*About this exercise*:
Copy each line below as written, but skip the pictures.

*Recorded data*:

-=-=-

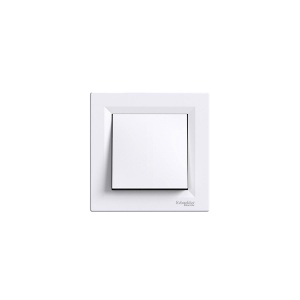 100 003 216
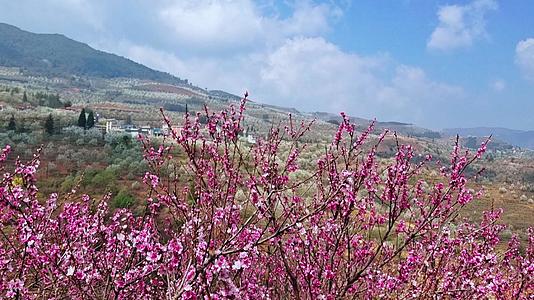 4K云南旅游梨花谷盛开的万亩梨花自然风光视频的预览图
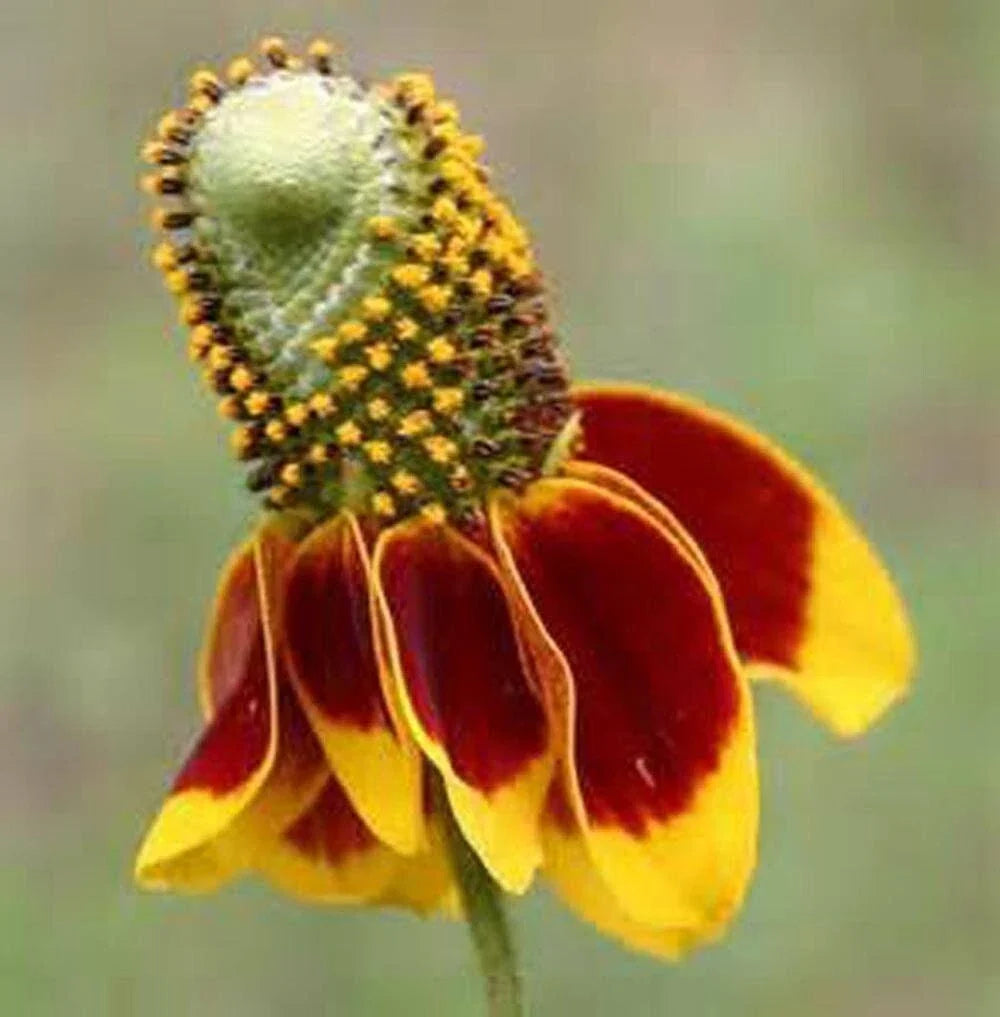 Mexican Hat Coneflower Seeds - 500+ Ratibida columnifera Prairie Wildflower Seeds for Pollinators & Garden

-=-=-

*Written answer*:
 100 003 216
 4K云南旅游梨花谷盛开的万亩梨花自然风光视频的预览图
 Mexican Hat Coneflower Seeds - 500+ Ratibida columnifera Prairie Wildflower Seeds for Pollinators & Garden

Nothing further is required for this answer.